Shrouded in secrecy, the new Cervelo P5 launch has been full of speculation for almost a year now. Well the speculation is finally over and the results are really good. The 2012 Cervelo P5 is now an official model and we are taking orders for first shipment delivery now. If you want to be on a P5 this coming season, get your name on one now as they are just about guaranteed to sell beyond the initial production.
- TT and TRI frameset models. The TT model is UCI legal, the TRI model maximizes aerodynamics, but is not. The UCI compliant TT model is only available as a frameset at $4500, which includes the rear brake. The top of the line TRI model is available as a $6500 frameset that includes an impressively adjustable and aero new bar from 3T called the Aduro.
- There are two pre-built bike options currently – mechanical Dura Ace ($6000) and Di2 ($10,000). The mechanical Dura Ace model uses the UCI compatible “P5-3” fork while the Di2 version includes Magura RT-8 carbon brakes, removable fairing, 3T Aduro bar and the deeper “P5-6” fork.
- “Magura RT-8 brakes” = carbon hydraulic road brakes and the P5 is the first production aero bike to offer hydraulic brakes. This could be a game changer and a sign for all TT bikes in the future as we expect these to work extremely well. The prebuilt mechanical Dura Ace bike comes with the RT-6 hydraulic brake, the alloy version of the RT-8.
- A third party company will offer a variety of add-on integrated storage solutions for the P5.
- BBRight. Cervelo’s smart asymmetric bottom bracket/chainstay design is now on the P5 and that means even better drivetrain response.
- Aerodynamics. In a few words – “better than ever”. The P5 takes the already impressive aero numbers of the P4 and improves upon them in every way. Thankfully, the P5 does this without a lot of the limiting complexity found in most of the integrated aero bikes on the market right now.
- Simplicity. Unlike a number of competitors, the P5 is compatible with any standard aerobar/stem and doesn’t use much of anything that requires special componentry. Another benefit is that there are no mechanically proprietary parts, meaning that you can get parts for the P5 anywhere in the world that carries standard bike parts. This is something many of the P5’s competitors cannot claim. From what we’ve heard, it is awful having your “super bike” out of commission because you can’t get a proprietary bolt or the like when doing in Ironman in Spain…
- Storage. A range of integrated aero storage solutions for nutrition, hydration and tools will be available.
- Geometry. A wider range of athletes will fit on the P5 well compared to the P4.

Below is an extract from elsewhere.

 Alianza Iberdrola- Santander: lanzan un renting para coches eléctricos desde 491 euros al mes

- A tri bike first and foremost. While previous Cervelo aero bikes were designed with TT use as the primary focus and with tri as the secondary, the P5 shows that Cervelo is focusing 100% on making the best tri bike they can. From fit to features, this bike is a triathletes ride first and foremost. Luckily, the TT abilities of the P5 were not harmed in doing so – the P5 is still going to make an excellent TT specific bike.

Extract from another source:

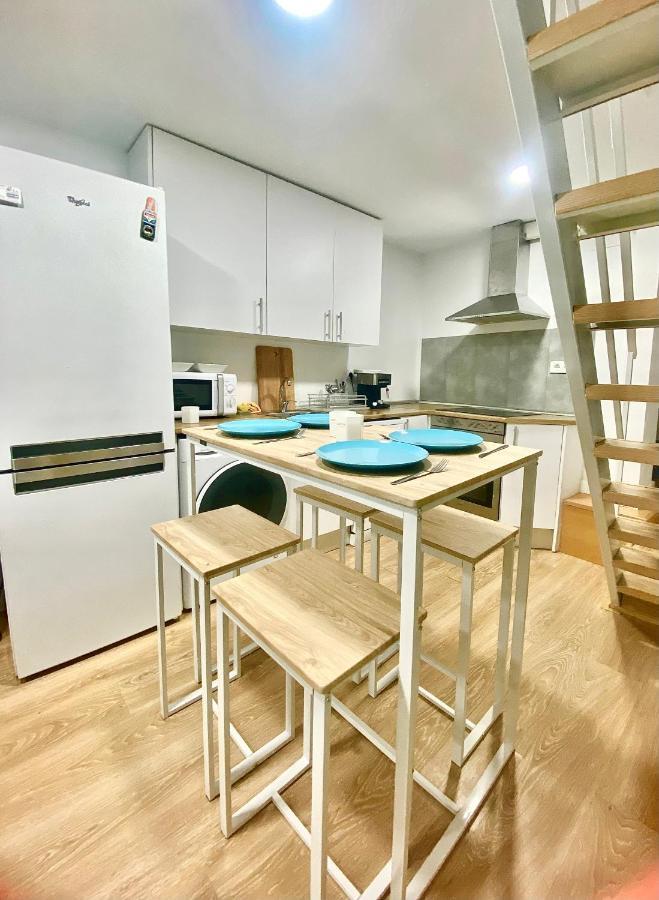 Duplex En El Centro De Madrid Apartman Kültér fotó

- AeroZone Engineering takes into account that all aspects of the bike and rider interface are unique and require small detailed solutions to maximize the aerodynamics. From small sweeps at the end of the top tube to the unique shape of the seatpost, these details were created based on the fact that a dynamic rider is the major aerodynamic impediment and you have to minimize the rider’s negative effects to maximize aero time savings.
With the P5, Cervelo managed to progress while going back to basics and simplifying many things from the P4 – a notable accomplishment. We look forward to getting our first one in March and finding out more!